Geçip giden yıllara şöyle
bir bakıp nelere “boşuna zaman kaybetmişim” derdiniz?
Ya özlemleriniz,
söylenmemiş sözleriniz, korkularınız, ertelemeleriniz,
gitmeleriniz, kalmalarınız, vazgeçişleriniz…
Çok mu olurdu
“keşke”leriniz?
Hani işte tam o sırada,
bir şansınız daha oluverse aniden ve uzatsanız elinizi bir ömrü
daha tutabilmek üzere, hangi yüklerinizi oracıkta bırakmak
isterdiniz? Neleri götürürdünüz yeni hayatlarınıza?
Ne değişirdi, neleri
değiştirirdiniz?
Olması gerekenlerin
peşinden mi koşardınız bu kez, gerçekten istediklerinizin
mi
yoksa?
***
Birkaç yıl önceydi.
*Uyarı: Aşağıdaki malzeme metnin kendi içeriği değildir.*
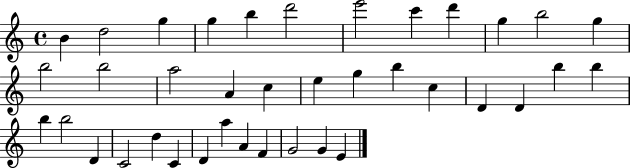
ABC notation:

X:1
T:Untitled
M:4/4
L:1/4
K:C
B d2 g g b d'2 e'2 c' d' g b2 g b2 b2 a2 A c e g b c D D b b b b2 D C2 d C D a A F G2 G E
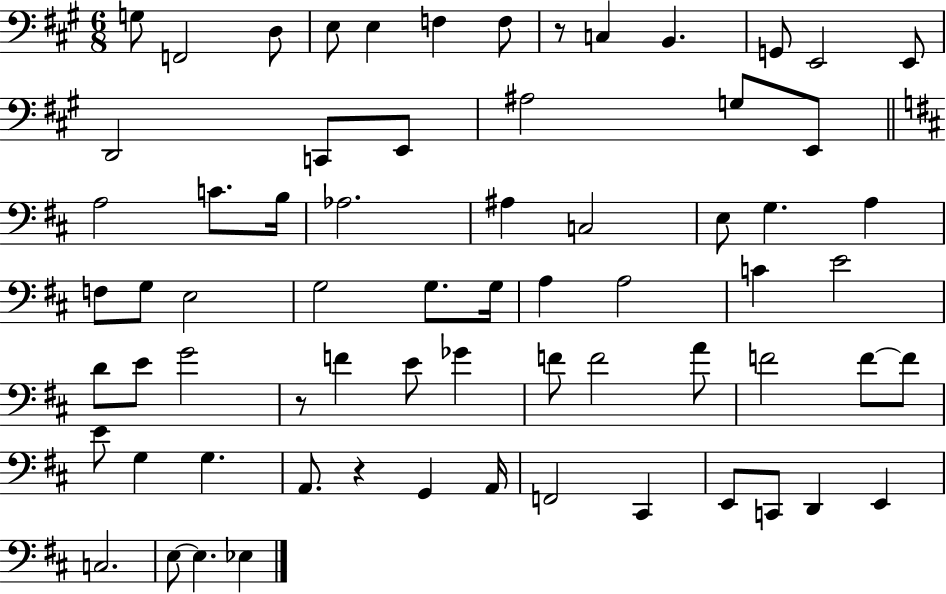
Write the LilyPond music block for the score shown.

{
  \clef bass
  \numericTimeSignature
  \time 6/8
  \key a \major
  g8 f,2 d8 | e8 e4 f4 f8 | r8 c4 b,4. | g,8 e,2 e,8 | \break d,2 c,8 e,8 | ais2 g8 e,8 | \bar "||" \break \key d \major a2 c'8. b16 | aes2. | ais4 c2 | e8 g4. a4 | \break f8 g8 e2 | g2 g8. g16 | a4 a2 | c'4 e'2 | \break d'8 e'8 g'2 | r8 f'4 e'8 ges'4 | f'8 f'2 a'8 | f'2 f'8~~ f'8 | \break e'8 g4 g4. | a,8. r4 g,4 a,16 | f,2 cis,4 | e,8 c,8 d,4 e,4 | \break c2. | e8~~ e4. ees4 | \bar "|."
}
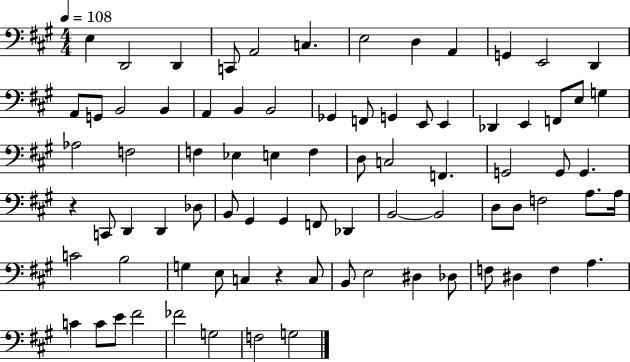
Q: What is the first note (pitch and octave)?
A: E3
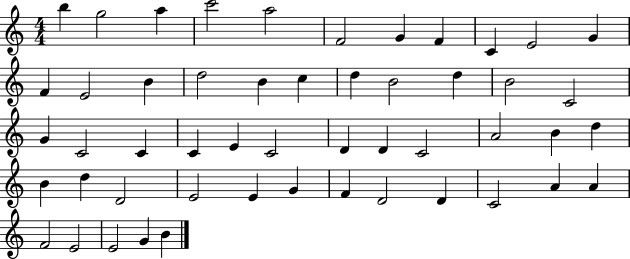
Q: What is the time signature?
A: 4/4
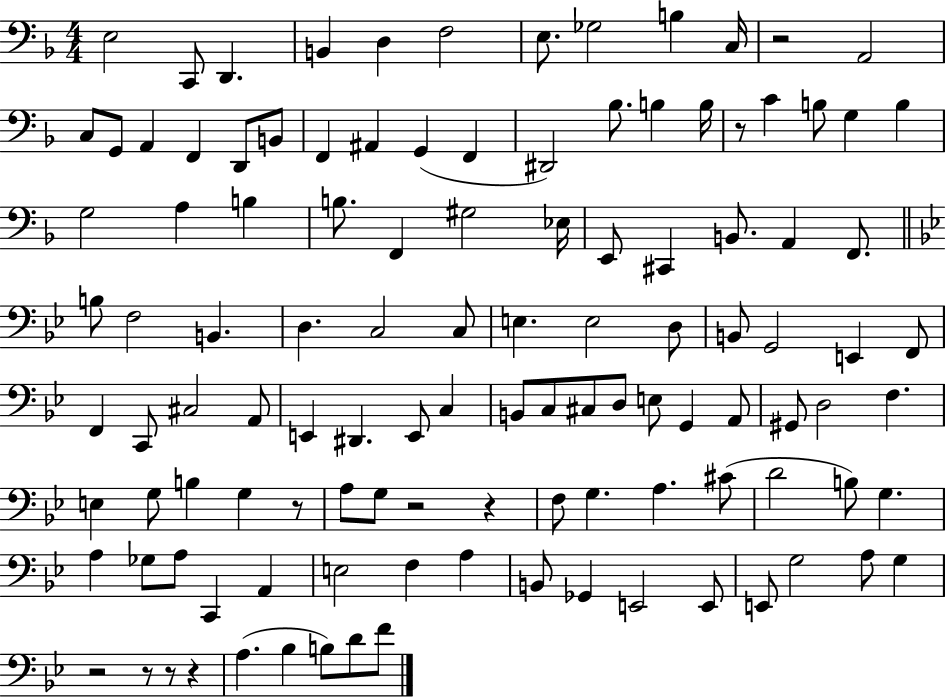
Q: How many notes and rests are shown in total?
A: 115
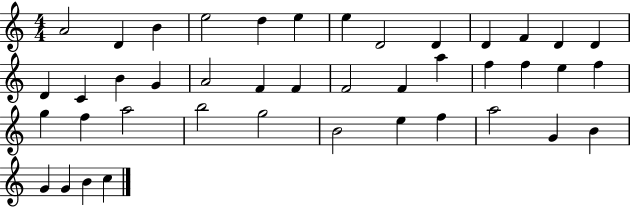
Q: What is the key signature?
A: C major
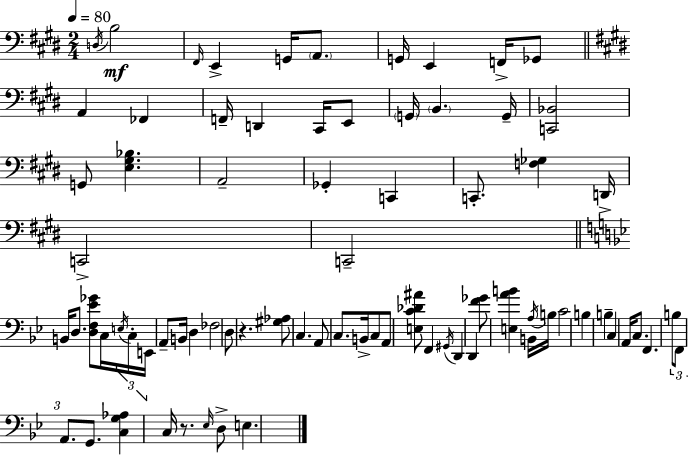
X:1
T:Untitled
M:2/4
L:1/4
K:E
D,/4 B,2 ^F,,/4 E,, G,,/4 A,,/2 G,,/4 E,, F,,/4 _G,,/2 A,, _F,, F,,/4 D,, ^C,,/4 E,,/2 G,,/4 B,, G,,/4 [C,,_B,,]2 G,,/2 [E,^G,_B,] A,,2 _G,, C,, C,,/2 [F,_G,] D,,/4 C,,2 C,,2 B,,/4 D,/2 [D,F,_E_G]/2 C,/4 E,/4 C,/4 E,,/4 A,,/2 B,,/4 D, _F,2 D,/2 z [^G,_A,]/2 C, A,,/2 C,/2 B,,/4 C,/2 A,,/2 [E,C_D^A]/2 F,, ^G,,/4 D,, D,, [F_G]/2 [E,AB] B,,/4 A,/4 B,/4 C2 B, B, C, A,,/4 C,/2 F,, B,/2 F,,/2 A,,/2 G,,/2 [C,G,_A,] C,/4 z/2 _E,/4 D,/2 E,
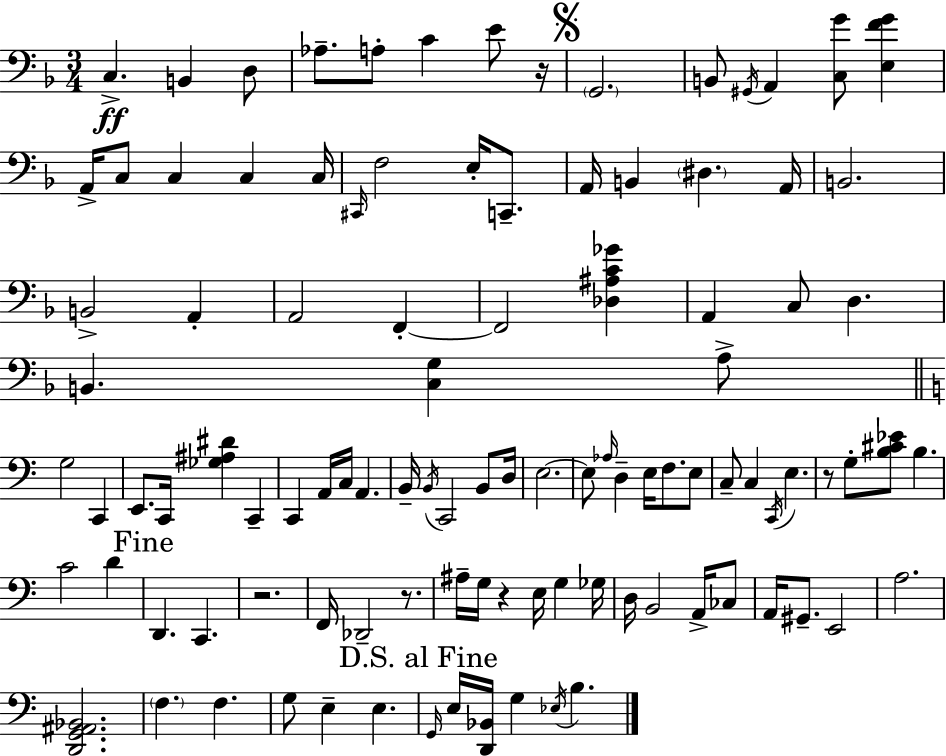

Hani
hayat insanın soluğunu keser ya bazen, kumandasını çekip alır
elinizden, işte tam da öyle bir zamandı. Profesyonellik alanı
kişisel gelişim olan, dünyanın dört bir köşesinde uzunca yıllar
mesleki kimliğini destekleyici çalışmalarda bulunmuş bir
dostum,
“Hayattan ne istediğini
biliyor musun?” dedi.
Doğrusu biraz içerlemiştim
soruya.
Öylesine kararlı ve netti
ki yanıtım hatta biraz da alıngan ve savunmaya hazır;
“Elbette evet!”
Sonra birkaç dakika
duraksadık ikimizde.
Gözlerimin içine baktı ve
her zaman ki gülümseyişini dudaklarına yerleştirerek yeniden sordu:
“Dürüst ol, gerçekten ne
istiyorsun?”
Bilginin getirdiği
sadeliği çok anlamlı bulup, zor olanın da bu olduğuna inanlardanım.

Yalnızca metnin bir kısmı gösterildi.